He is relational, not far off, not distant, but near.
Near. Here. There.

Let us rise up to the massive call on our lives to be amazing, incredible, purpose lead,
trail guides.

You heard correctly. Trail guides.

The apostle Paul directed the already spiritually active towards their “unknown God” idol (Acts 17). He pointed out that this unknown was the King of Kings, the God of all Gods. The men of Athens were merely redirected in their passion for worship.

Let us redirect.
Let us spend our lives pointing out the most beautiful pieces of this world.
“There, do you see that mountain? It’s so majestic, isn’t it? That is the glory of God. That is the art of Jesus.”

Forget the mess. Overwhelm your mind with the art. The love. The majesty.

Let us be eternal trail guides, leading people through the thick; pointing out the glory of God which manifests itself in His creation.

Watch the sunset tonight. Feel the breeze. Talk to God. Be still. Listen.

Tuesday, April 21, 2009

writing's sake

I decided to just start writing for writing's sake.

I made this decision less than forty five seconds ago and so far it isn't turning out half bad.

I do have dreams to write books in my lifetime and to consistently write poetry and worship songs, so this seems like as good a time as ever.

So here we are. You and I. We are in this moment. Well, actually we are in two moments; I am in my moment (writing to you) and you are in yours (reading what I wrote).

Actually now that I think of it, it's kind of and awkward/ awesome train of thought to consider tenses.

You know tenses.

Like past, present, and future.

You see I am writing to you right now. Present tense.

You will be reading this. That is the future. I'm predicting it now. In fact, I could have predicted that

Hours ago. Which would be past tense.

Past tense will be (future) what your using (present) when you have been considering (a mix of past and present) what you just read (past).

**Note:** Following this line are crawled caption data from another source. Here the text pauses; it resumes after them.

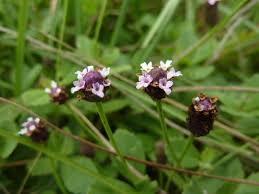 Image result for Phyla nodiflora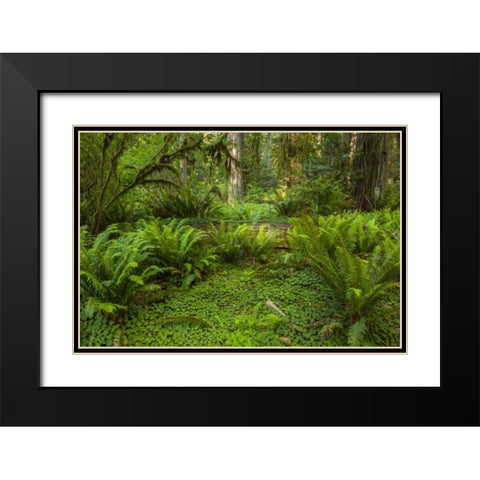CA, Redwoods NP Ferns and mossy trees in forest Black Modern Wood Framed Art Print with Double Matting by Illg, Cathy and Gordon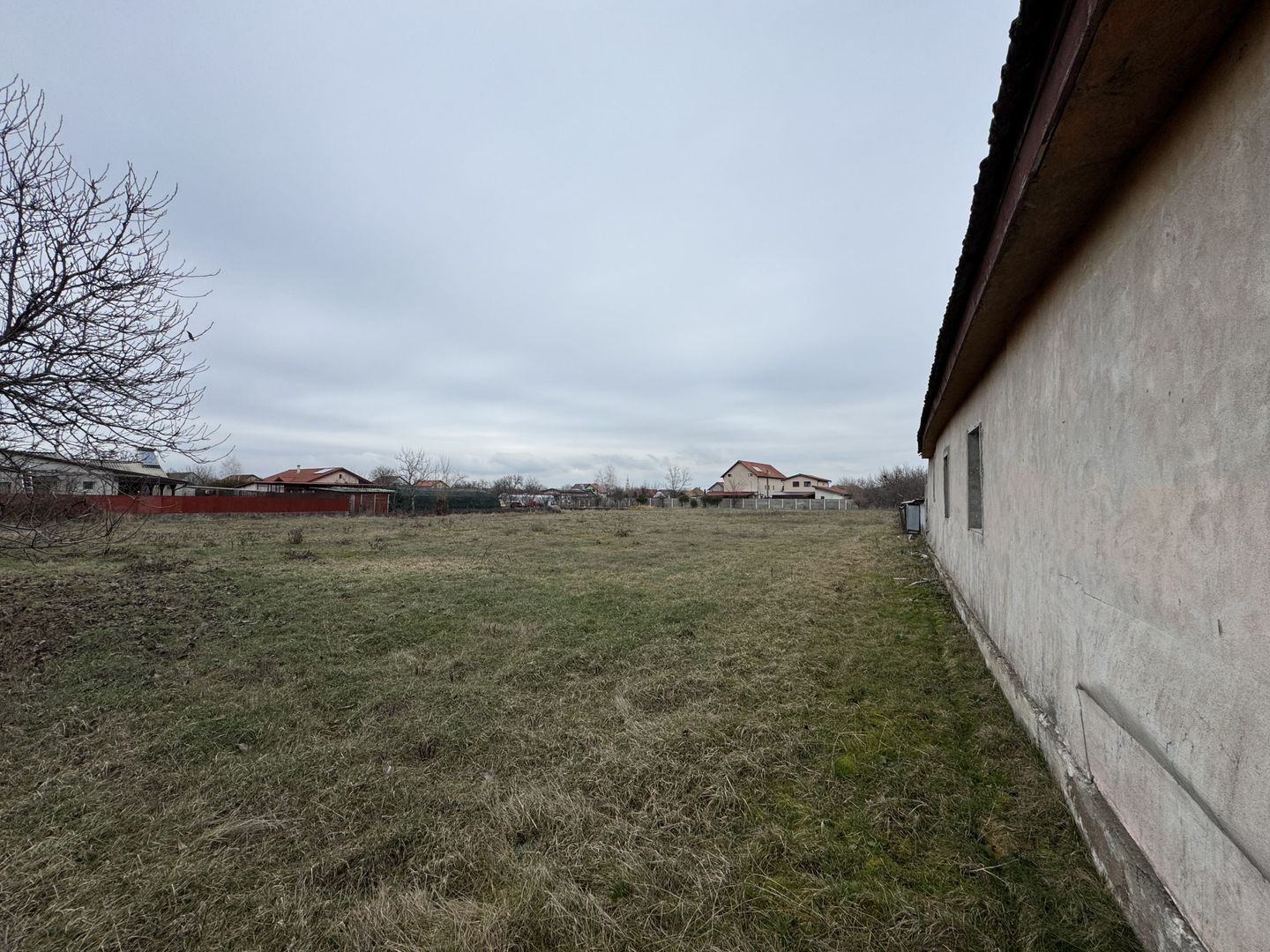 Teren Intravilan Becicherecu Mic 3104mp,F.S 38ml,Utilitati,Asfalt - Poză 3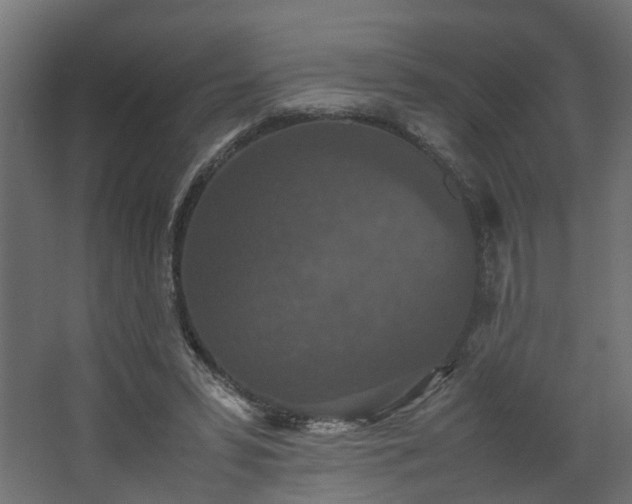 X0000067850399200604201313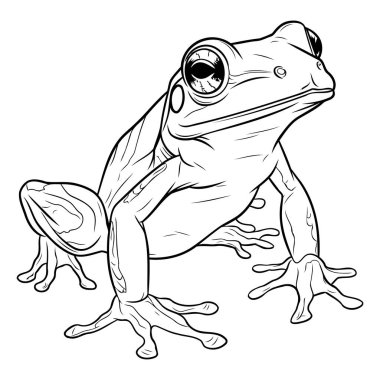 Beyaz arka planda bir kurbağanın çizimi. tasarım için çizim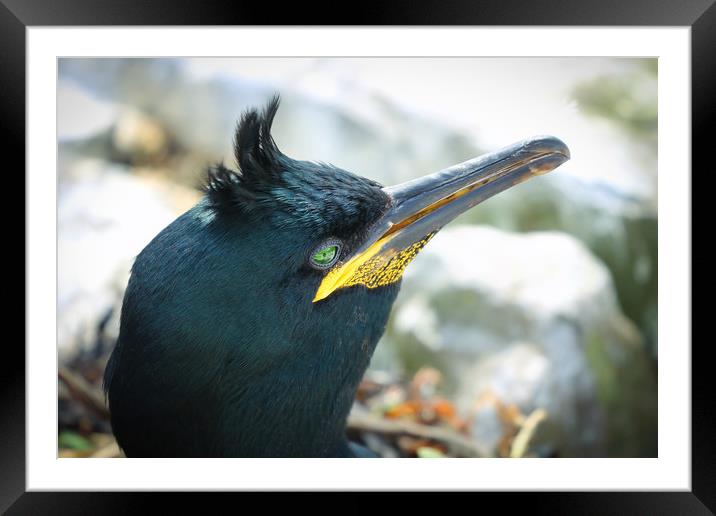 A Shag on the rocks in Northumberland Framed Mounted Print by Simon Marlow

That sentence says it all.

Now that I have successfully wasted two and a half minutes of your life, I leave you with this:

Thank you friend for reading my active practice. It's people like you that keep people like me encouraged enough to spend time trying to get better at communication.

You done did good.

Kendall

Wednesday, April 15, 2009

Humbry

Humbry is a lifestyle. Humbry is a mindset.

Humbry is rewarding. Humbry is God's heart.


God desires us to live this way: Humble and Hungry.

My earnest heart filled prayer is that I will always be a student of God's heart. I desire his heart, I search it out, and I take a posture to learn from anyone and anything.

That's just it. Posture.

There is a posture (a constant mindset) that keeps us rapidly approaching God's destiny for us.

The destiny that he has predetermined for us will only happen through our choice to take hold of it.

Our choice is to walk the straight and narrow... or to not.

I want the straight and narrow. I want the glorious life that he predetermined for me if I so choose it.

So I will live Humbry.

Humble: I am always a student; I have never arrived.

I never want to be the expert on God. Rather, I just want to be and I'll let God be the expert.

Hungry: I always want more; I will never be satisfied completely with what I already have because I know He desires to give me more. Seek and I shall find. Ask and I shall receive. Knock and the door will be opened.

Seek. Hunger. Thirst. Drink. Eat. Find.

Repeat.

This is the Humbry lifestyle. I will live it at nineteen and at ninety nine.

Humbry.

Monday, April 13, 2009

Strong and Courageous

This cup caught my attention two days ago.

I was in LAX airport (Los Angeles, CA) and had just finished the cup. I was headed home from one of the most influential weeks I have ever had. Mexico City changed my life.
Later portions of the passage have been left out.